* _Exercise details_
Output each entry verbatim. Leave the images out.

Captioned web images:
------------------------------------------------------------

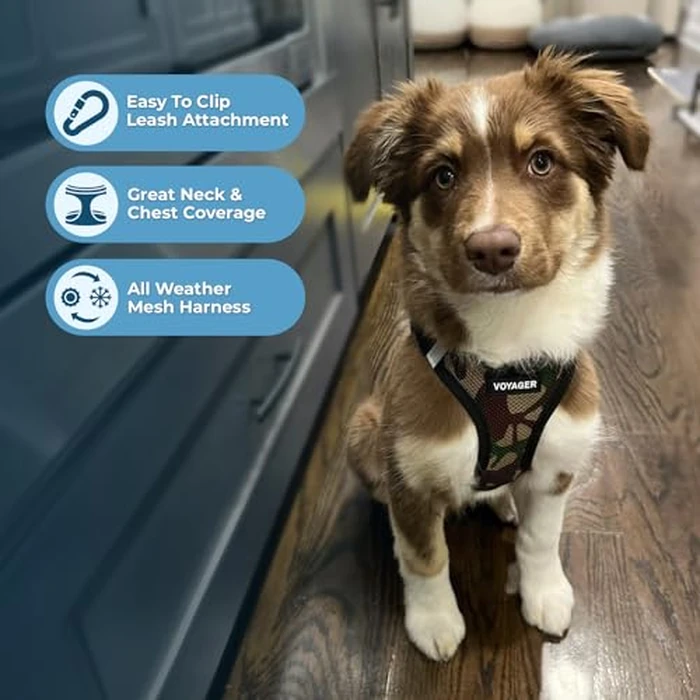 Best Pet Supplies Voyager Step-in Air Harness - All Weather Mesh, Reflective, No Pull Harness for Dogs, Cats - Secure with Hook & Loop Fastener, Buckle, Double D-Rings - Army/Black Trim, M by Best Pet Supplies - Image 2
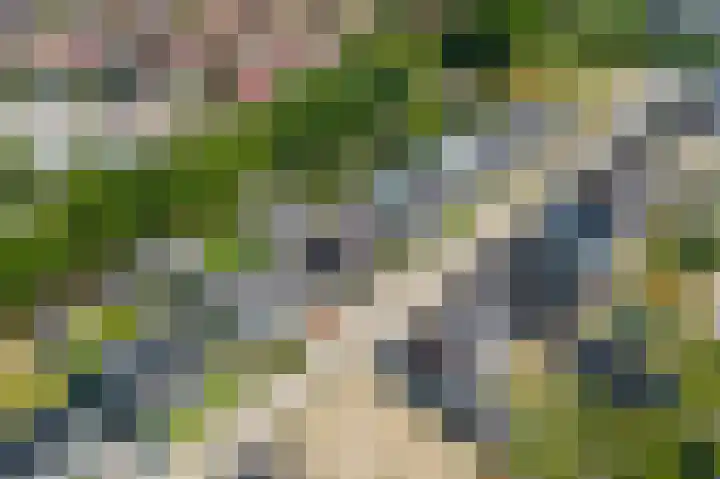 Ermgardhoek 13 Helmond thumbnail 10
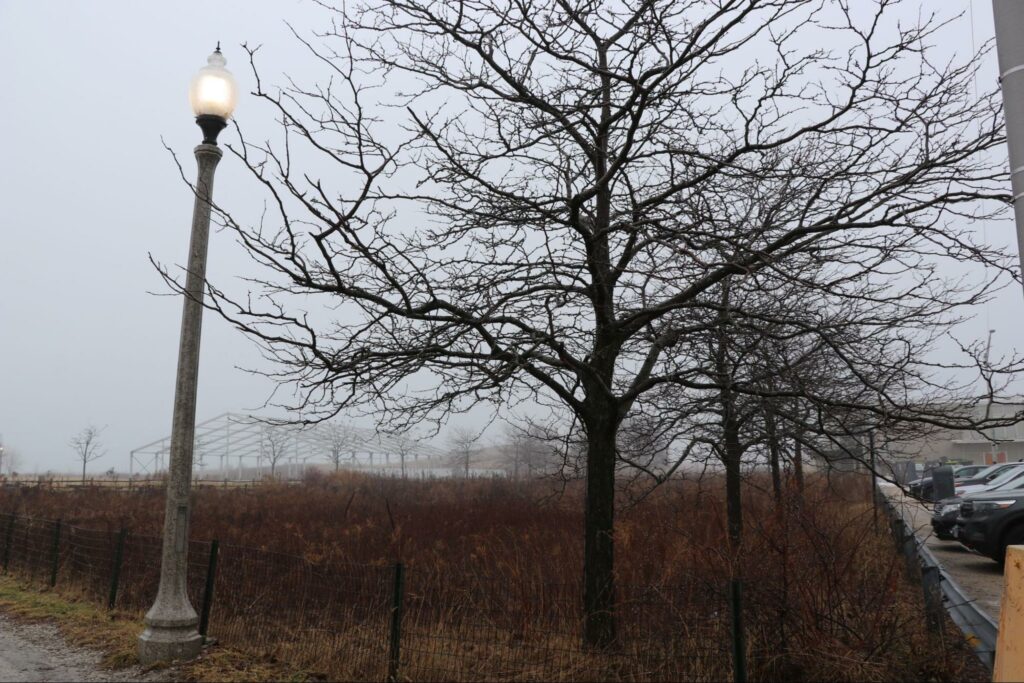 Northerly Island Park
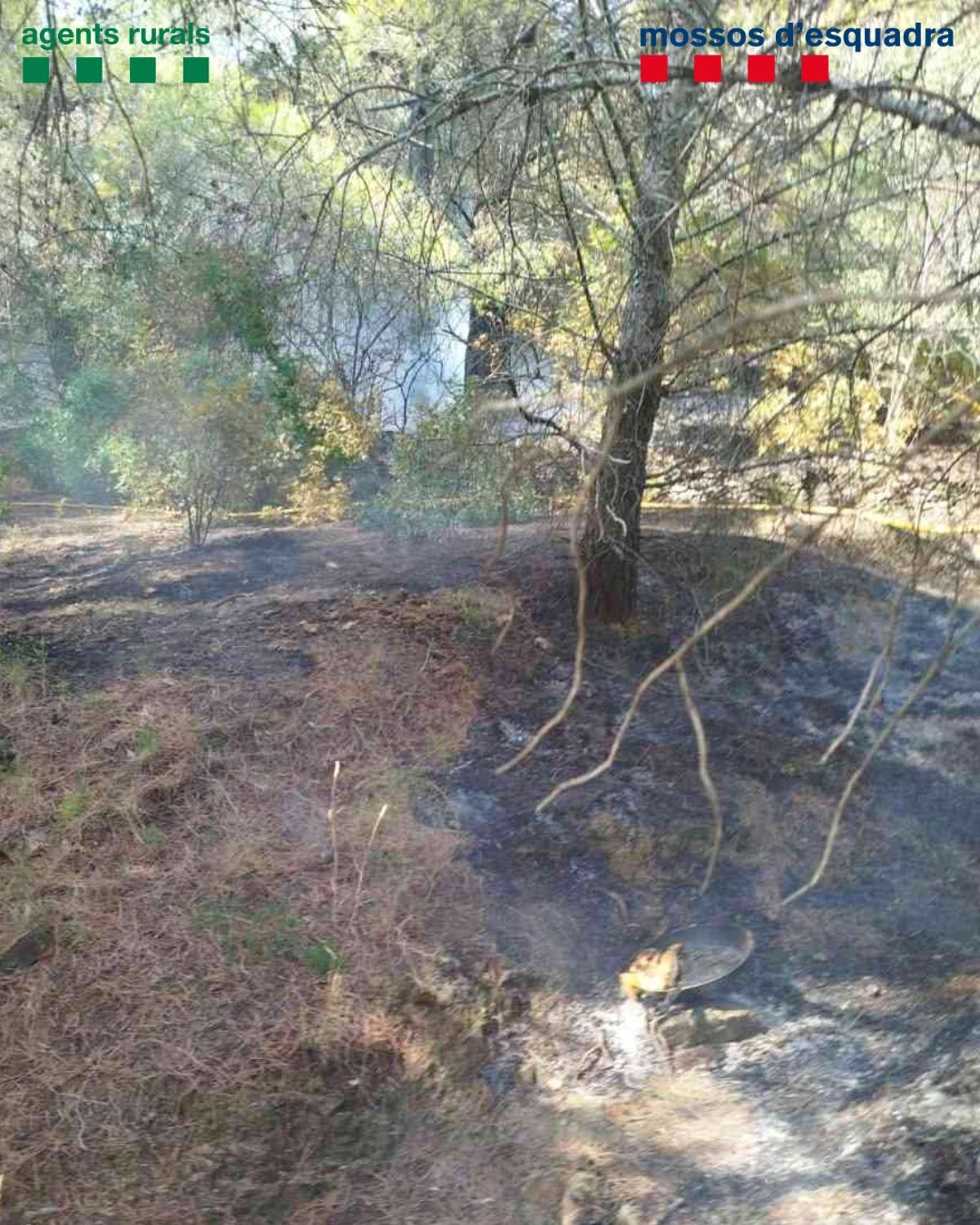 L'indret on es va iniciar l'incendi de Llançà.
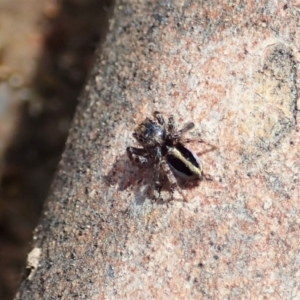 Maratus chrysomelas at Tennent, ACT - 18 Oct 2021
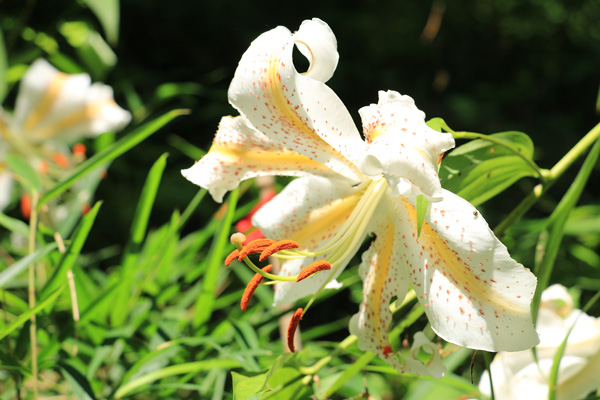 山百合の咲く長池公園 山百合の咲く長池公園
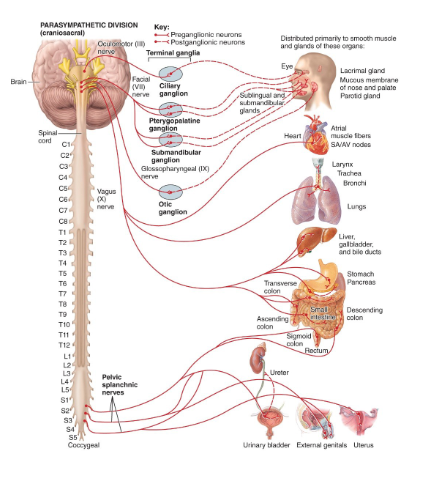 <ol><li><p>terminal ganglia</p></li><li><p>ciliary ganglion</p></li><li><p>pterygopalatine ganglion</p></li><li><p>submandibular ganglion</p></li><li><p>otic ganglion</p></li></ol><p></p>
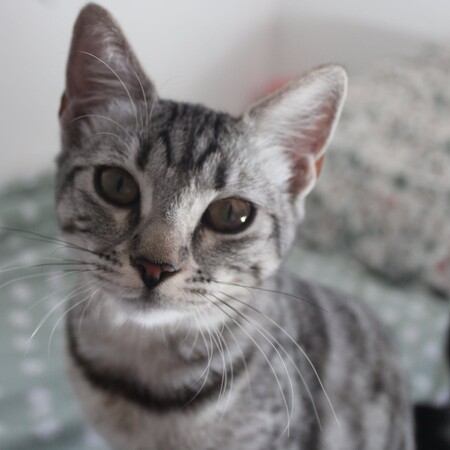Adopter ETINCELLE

------------------------------------------------------------

* _Result of this task_
 Best Pet Supplies Voyager Step-in Air Harness - All Weather Mesh, Reflective, No Pull Harness for Dogs, Cats - Secure with Hook & Loop Fastener, Buckle, Double D-Rings - Army/Black Trim, M by Best Pet Supplies - Image 2
 Ermgardhoek 13 Helmond thumbnail 10
 Northerly Island Park
 L'indret on es va iniciar l'incendi de Llançà.
 Maratus chrysomelas at Tennent, ACT - 18 Oct 2021
 山百合の咲く長池公園 山百合の咲く長池公園
 <ol><li><p>terminal ganglia</p></li><li><p>ciliary ganglion</p></li><li><p>pterygopalatine ganglion</p></li><li><p>submandibular ganglion</p></li><li><p>otic ganglion</p></li></ol><p></p>
Adopter ETINCELLE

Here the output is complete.